Mme de Blesensky a essayé de donner une suite à ce roman, sous le titre de Ladislas, ou Suite des mémoires de la famille de Revel.

LA COMTESSE DE FARGY, 4 vol. in-12, 1822. — L’action de ce roman se passe au temps de la régence. La comtesse de Fargy, victime d’un mari qui s’est précipité dans toutes les illusions du système de Law, voit s’anéantir en peu de jours sa fortune et son bonheur domestique. De son côté, le joueur malheureux ne peut supporter ses revers  : sa raison s’altère ; il faut le séparer du monde ou craindre pour la raison de son fils, spectateur habitué de ses accès frénétiques. Mais comment décider ce fils vertueux à un tel abandon ! Dans cette situation singulière, Mme de Fargy se décide à tromper son fils pour l’affranchir d’un devoir si dangereux à remplir. Elle lui déclare qu’il ne tient que par les liens de l’adoption et de l’amitié à une famille qu’il croyait être la sienne. De là, la dispersion de cette famille, pour laquelle la jeune Blanche est un ange consolateur. C’est au couvent que Mme de Fargy s’est retirée pour y attendre la guérison de son mari ; c’est là que, vaincue par les tendres attentions de la jeune Blanche, elle se lie avec elle. Rien de plus intéressant que la description de son arrivée dans un couvent ; l’auteur excelle à peindre ces légers incidents, ces petits détails si peu importants aux yeux des gens du monde, mais qui varient et composent toute la vie d’une recluse. La combinaison un peu bizarre sur laquelle porte l’ouvrage, est la source d’un intérêt de curiosité très-vif.
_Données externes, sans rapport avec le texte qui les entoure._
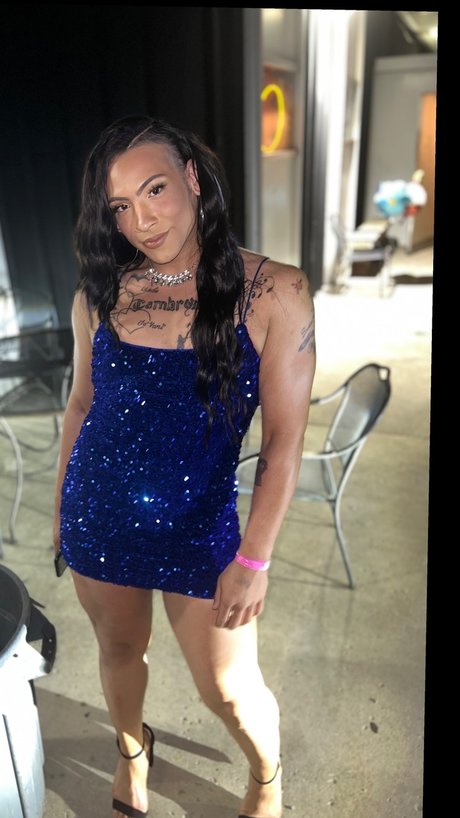 Karma baker porn leaked onlyfans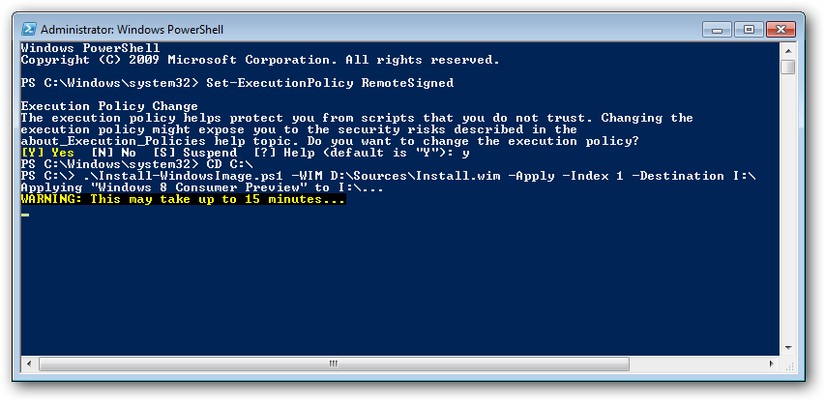 how-to-seamlessly-dual-boot-windows-7-and-windows-8-the-easy-way-16.jpg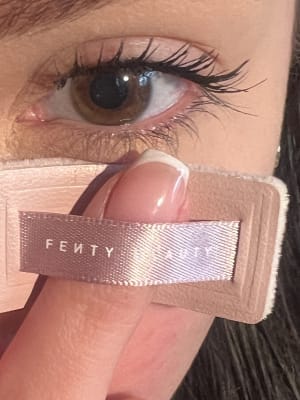 View Gallery Image #2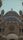 islamic mosque
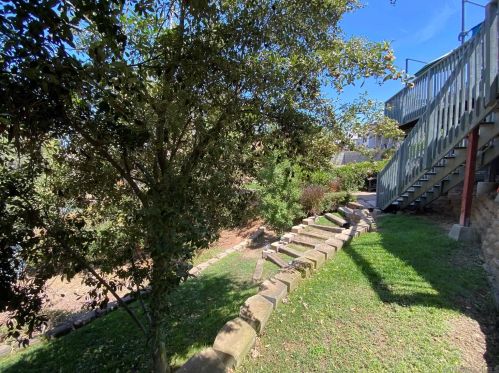 4610 Cajon Way, San Diego CA  92115-3610 exterior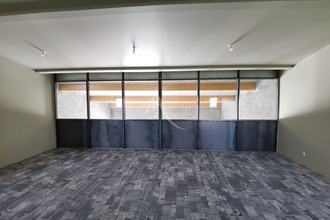  localcommercial garidech 31380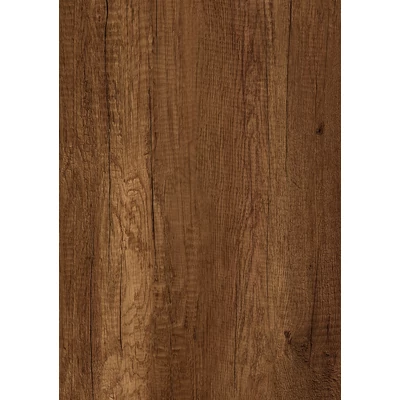 KASTA  A427    PS29 Barokk tölgy  táblás bútorlap 2800x2070x18mm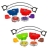 Beyblade Métal Fusion Duel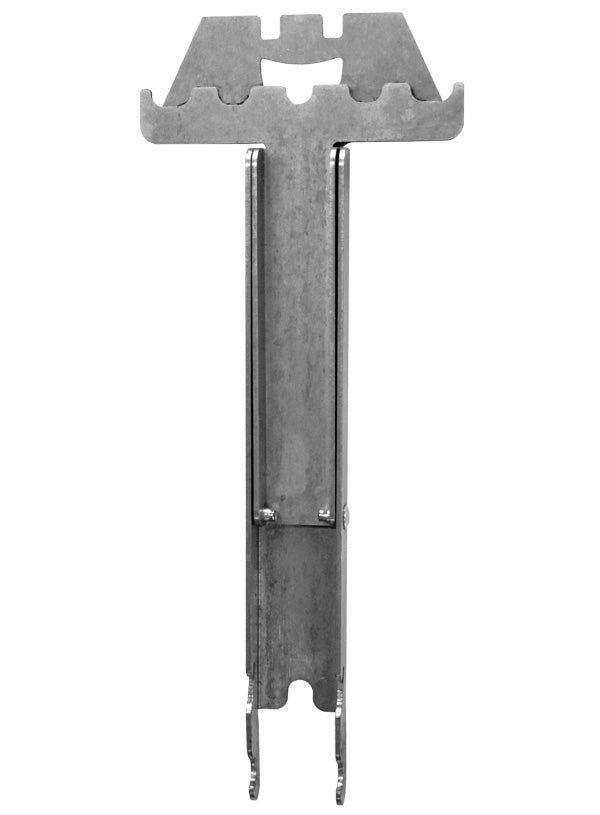 Memphis Beale Street Genie Multi-Tool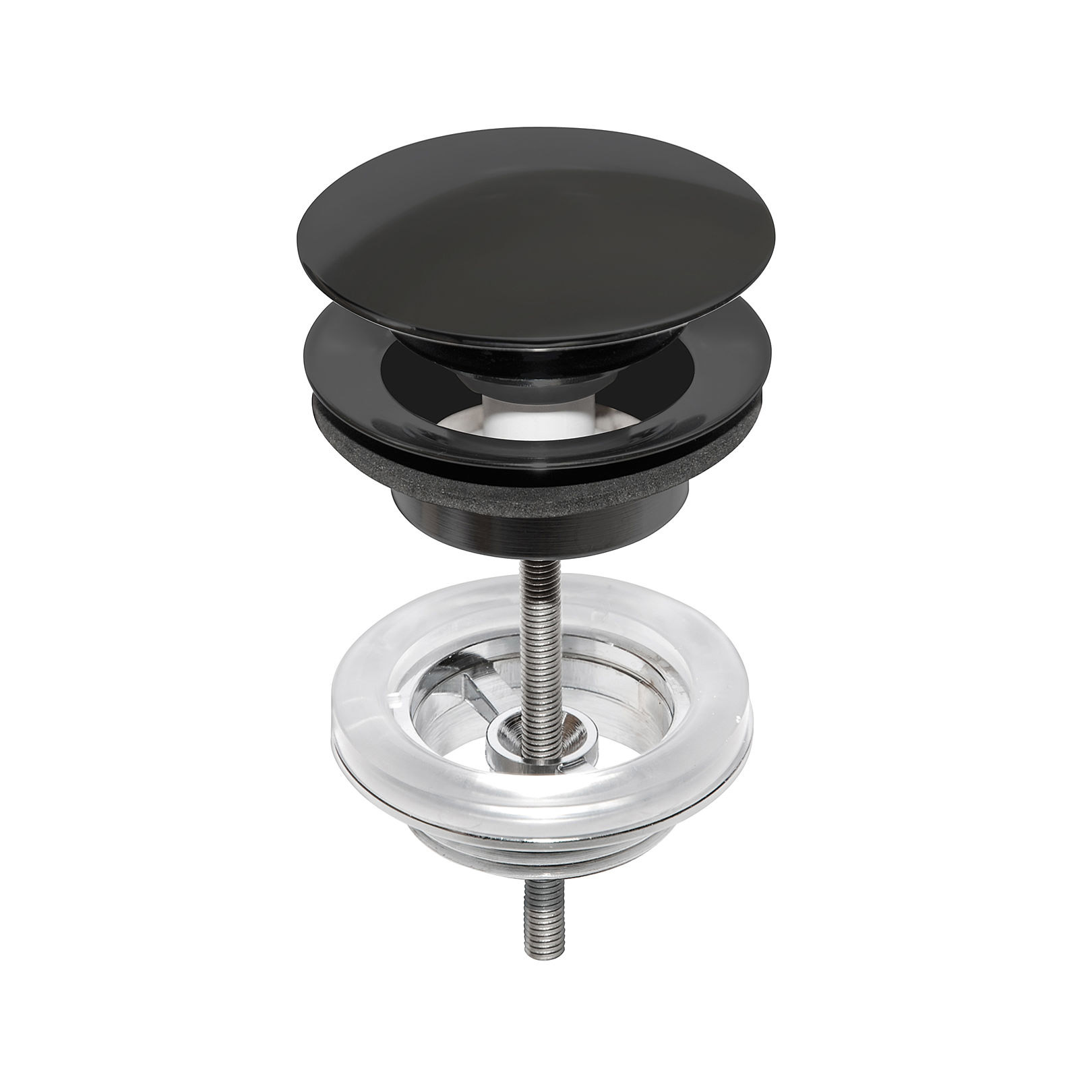 Bottenventil Gustavsberg Epic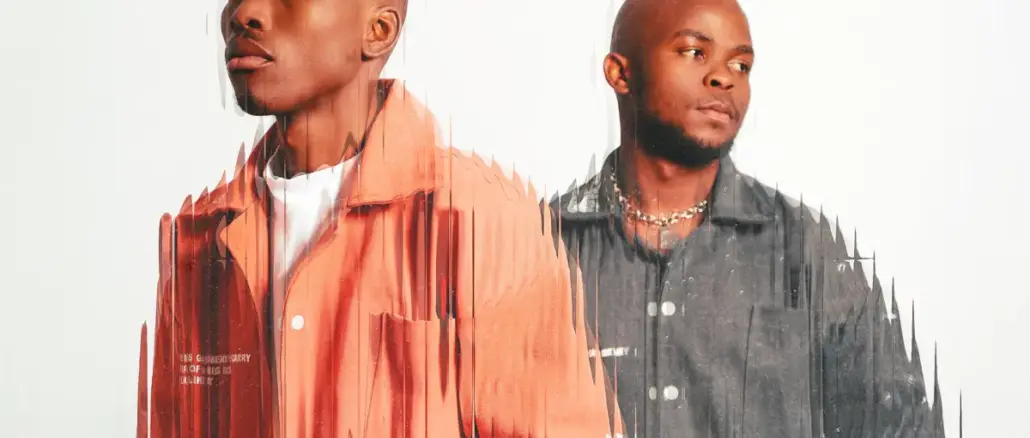 Q Bonke, Mlooda, Step Zero, download, zip, zippyshare, fakaza, EP, datafilehost, album, House Music, Amapinao, Amapiano 2026, Amapiano Mix, Amapiano Music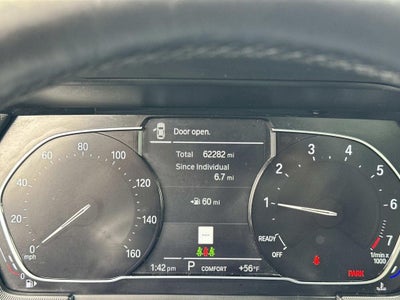 2021 BMW 2 Series 228i xDrive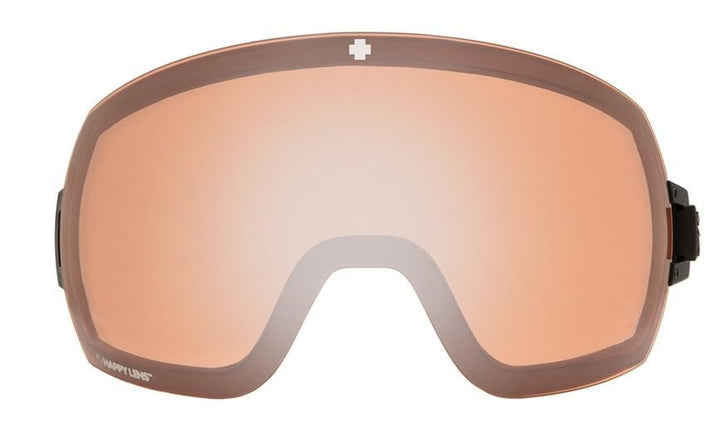 SPY Snow Lens Legacy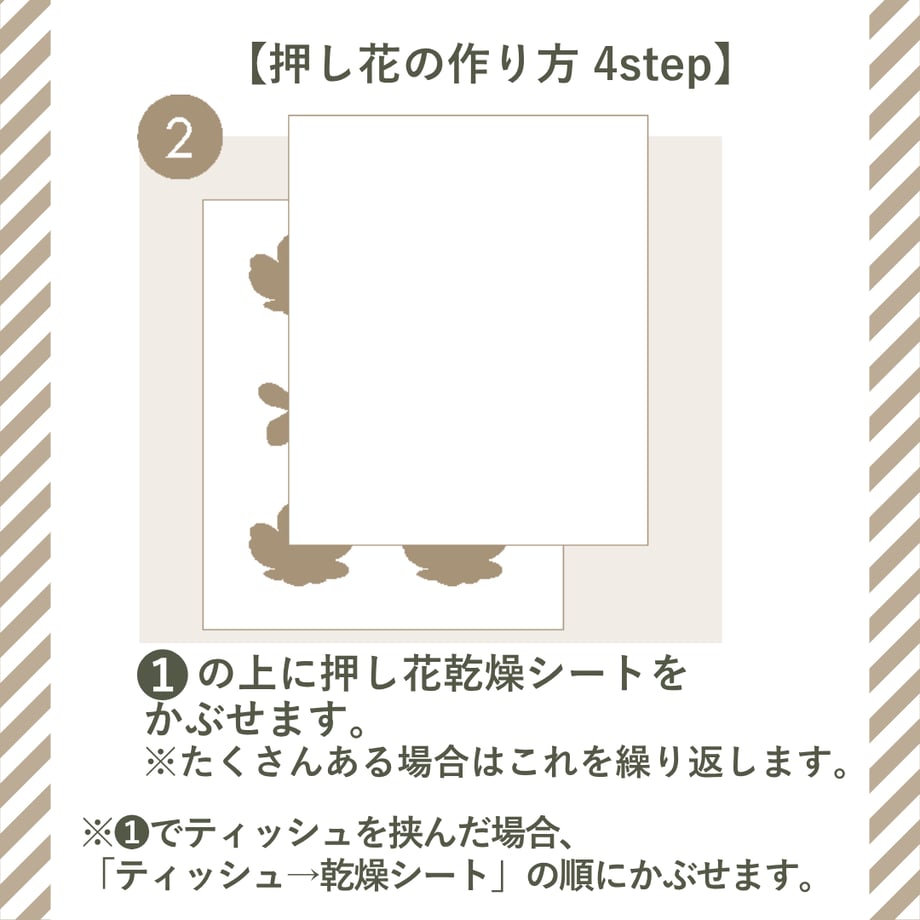 68e879bf3631dbb1338f6b54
Dès les premières pages, l’auteur laisse entrevoir un mystère dont la découverte se fait longtemps attendre ; mais les scènes intéressantes qui préparent cette découverte, le caractère charmant de Blanche, les combats secrets du jeune Fargy, qui n’ose se livrer à son penchant pour elle, parce qu’il ne se croit pas d’un rang égal au sien ; enfin, la variété des personnages qui concourent à l’action, trompe l’impatience sans affaiblir la curiosité. La partie de l’ouvrage dans laquelle Mme de Souza a si bien retracé les frénétiques fureurs des agioteurs de toutes les classes, qui vendaient leurs terres, leurs bijoux, pour les échanger contre des morceaux de papier de la banque de Law, l’activité dévorante des joueurs, le néant de leurs espérances, leurs courtes joies, leurs longs malheurs, est écrite avec beaucoup d’énergie ; c’est l’ombre du gracieux tableau que présentent les amours de Blanche avec le jeune Fargy.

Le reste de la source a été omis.